◆ Problem to work on ◆
Would you transcribe the entries below, beginning at the line with "Gut gelaunt auf" and ending after the line with "4215 1/2 Lincoln Ave", exactly, with no picture and nothing more?
Start of The records
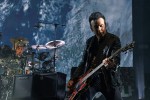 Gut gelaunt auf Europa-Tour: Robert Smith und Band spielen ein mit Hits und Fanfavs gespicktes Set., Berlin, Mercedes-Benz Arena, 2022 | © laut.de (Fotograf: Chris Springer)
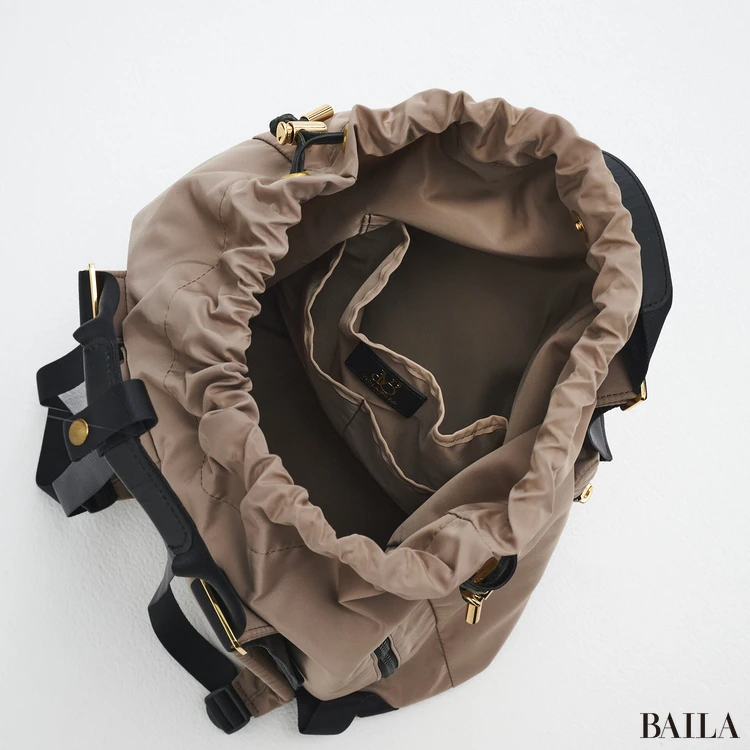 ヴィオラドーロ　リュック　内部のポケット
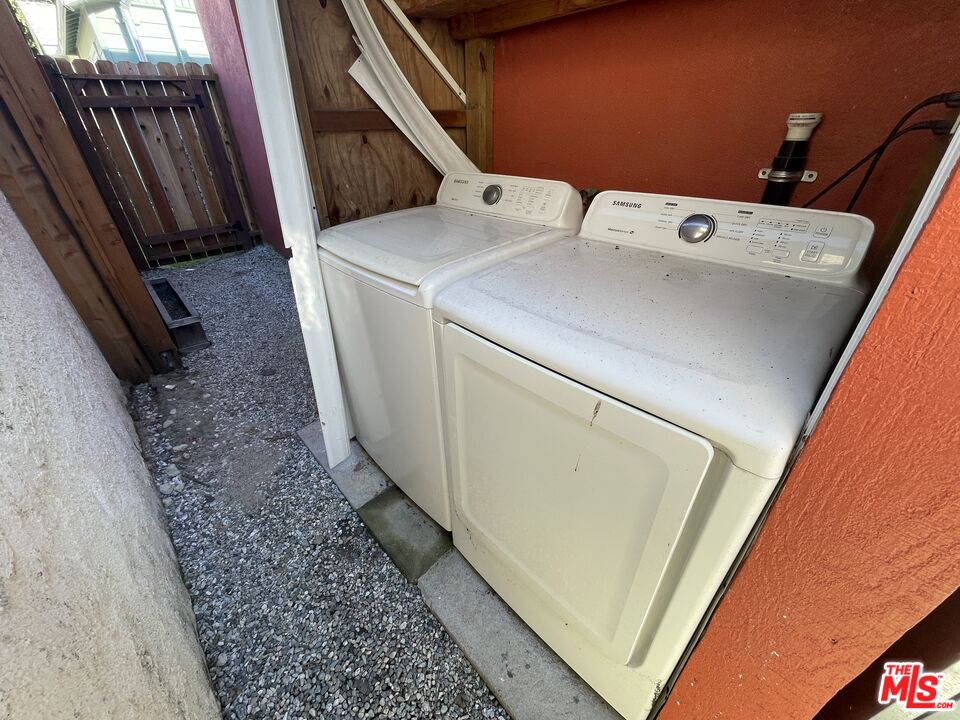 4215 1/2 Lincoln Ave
End of The records
Start of The records
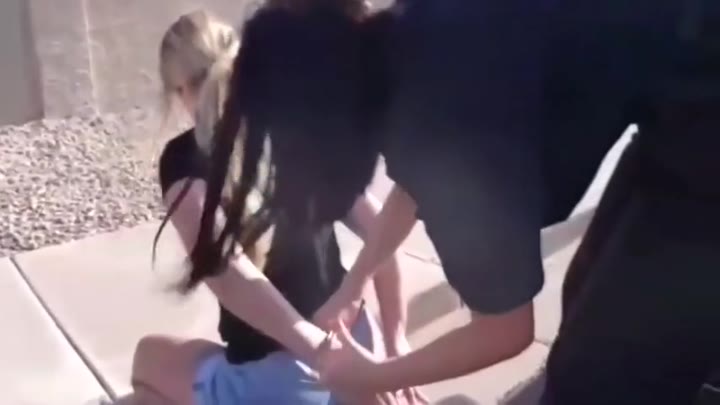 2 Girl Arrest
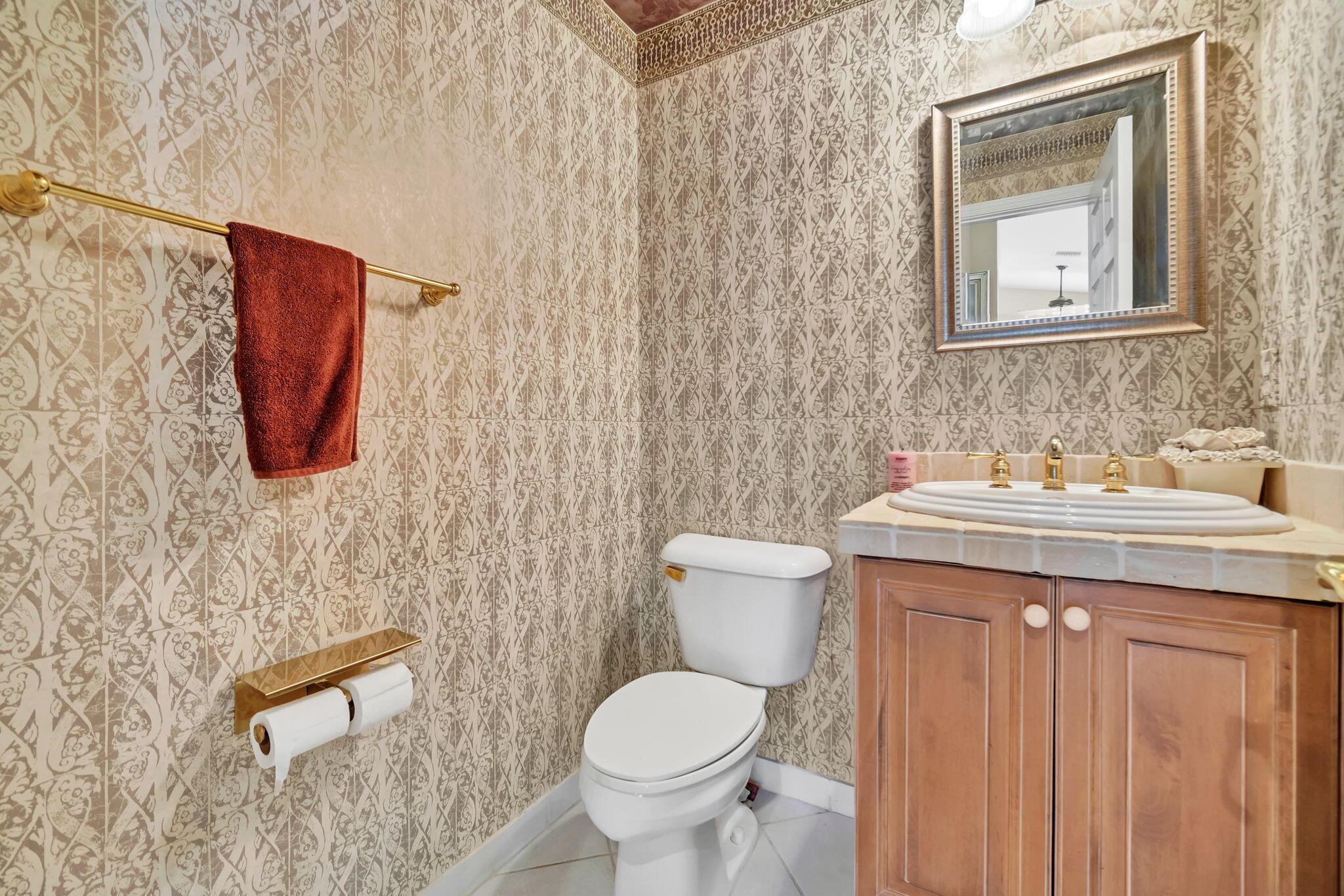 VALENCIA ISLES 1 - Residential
End of The records
Start of The records
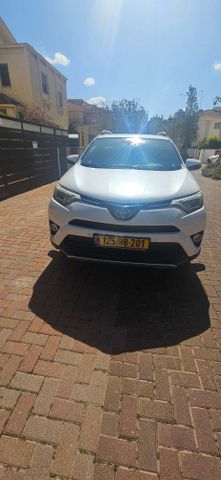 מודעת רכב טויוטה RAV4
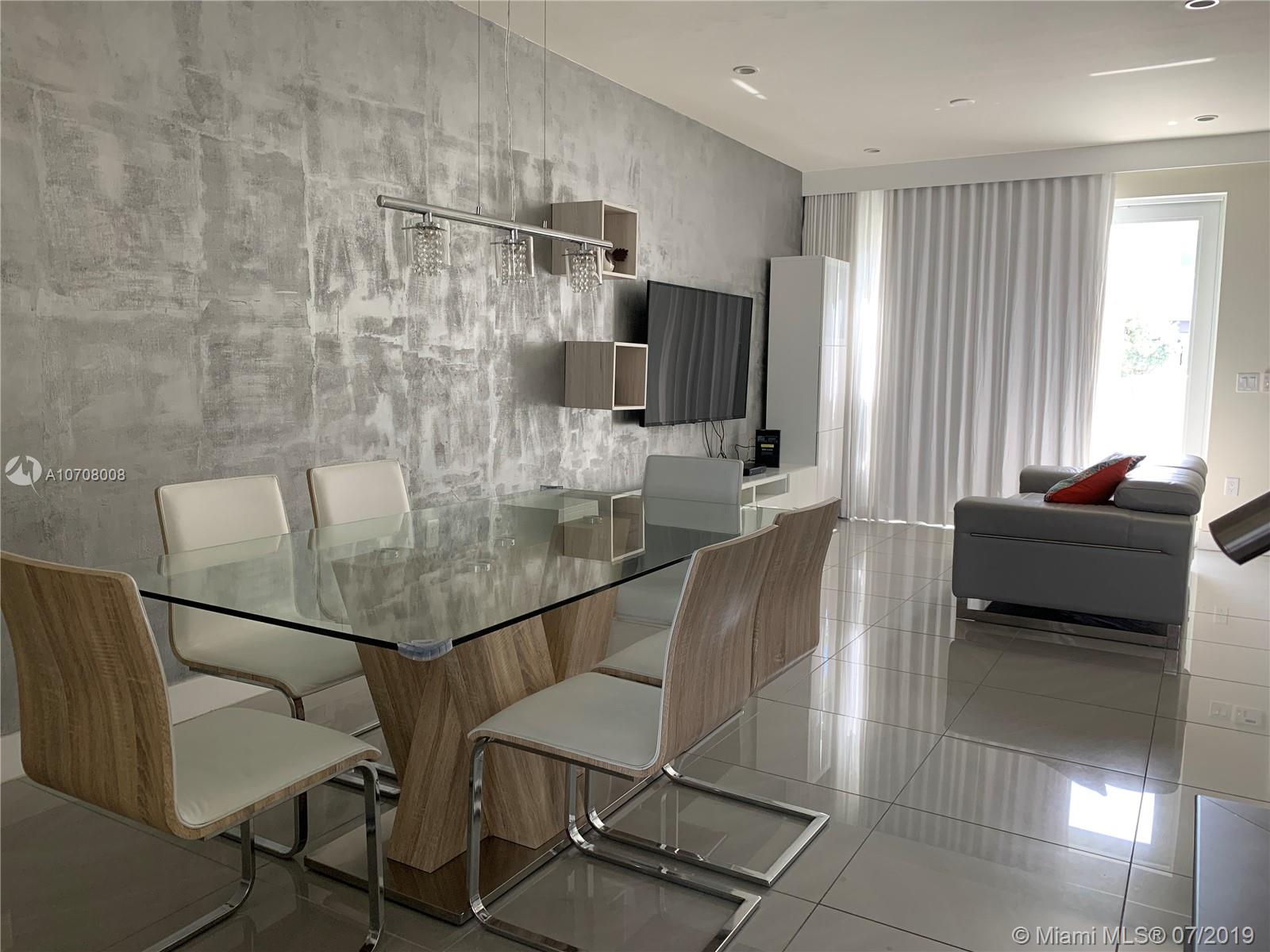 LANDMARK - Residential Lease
End of The records
◆ The completed task ◆
 Gut gelaunt auf Europa-Tour: Robert Smith und Band spielen ein mit Hits und Fanfavs gespicktes Set., Berlin, Mercedes-Benz Arena, 2022 | © laut.de (Fotograf: Chris Springer)
 ヴィオラドーロ　リュック　内部のポケット
 4215 1/2 Lincoln Ave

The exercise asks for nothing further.